==== Exercise data

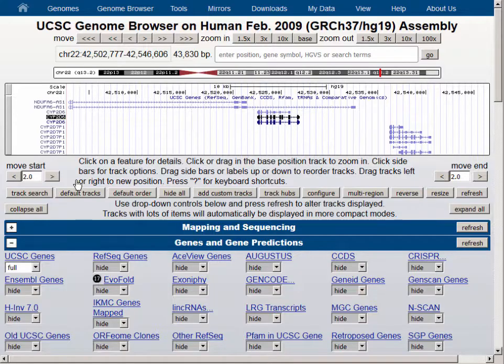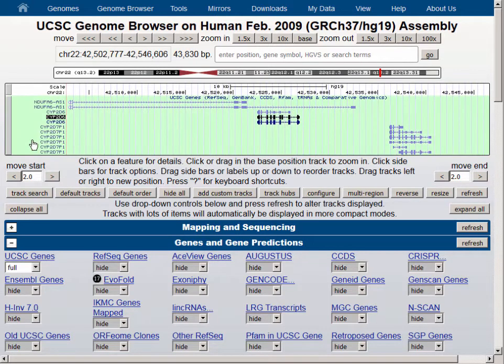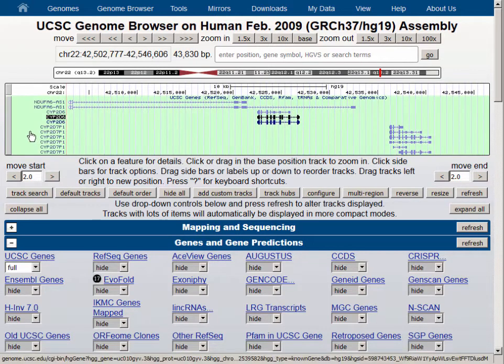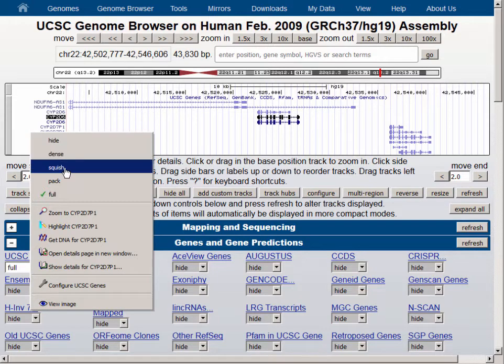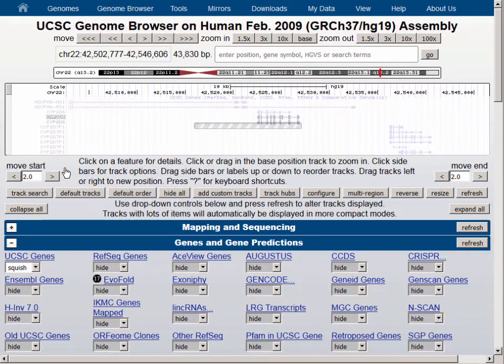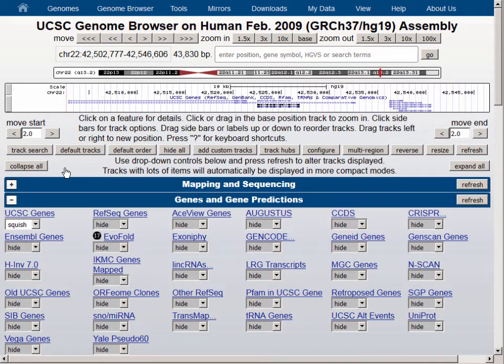The one remaining type in a typical gene track is Squish, which essentially squeezes down the Pack display into a much tighter display, dropping all of the item names and showing you just the individual isoforms in a very condensed fashion.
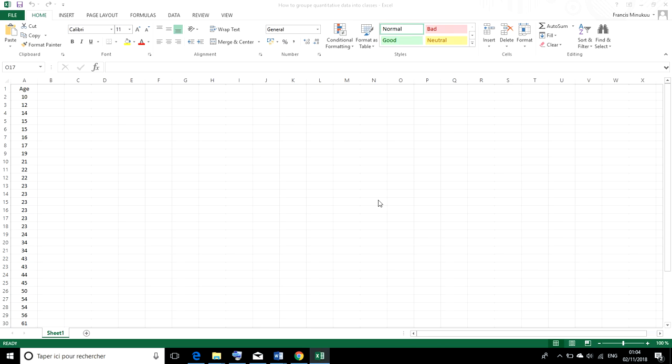For example, if we have taken the ages of different patients within our ward and we want to group their ages into age groups or classes in the form of a frequency distribution table for us to analyze this data properly.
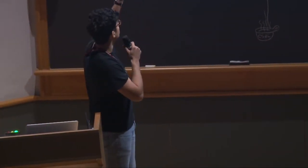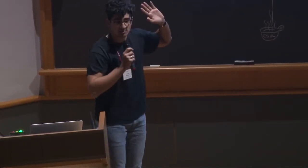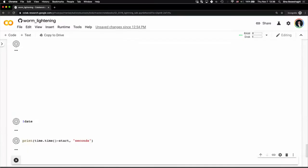And what you're seeing right now is actually a complete single cell analysis of C. elegans from a data set of 86,000 cells out of Bob Waterston and John Murray's lab from UW and UPenn.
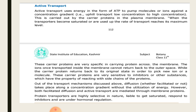Out of the transport mechanisms, diffusion whether facilitated or not takes place along a concentration gradient without the utilization of energy. However, both facilitated and active transport are mediated by membrane proteins.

========

Print each line of the material above exactly, with the pictures removed from your copy.

__Solution__:
The one remaining type in a typical gene track is Squish, which essentially squeezes down the Pack display into a much tighter display, dropping all of the item names and showing you just the individual isoforms in a very condensed fashion.
For example, if we have taken the ages of different patients within our ward and we want to group their ages into age groups or classes in the form of a frequency distribution table for us to analyze this data properly.
And what you're seeing right now is actually a complete single cell analysis of C. elegans from a data set of 86,000 cells out of Bob Waterston and John Murray's lab from UW and UPenn.
Out of the transport mechanisms, diffusion whether facilitated or not takes place along a concentration gradient without the utilization of energy. However, both facilitated and active transport are mediated by membrane proteins.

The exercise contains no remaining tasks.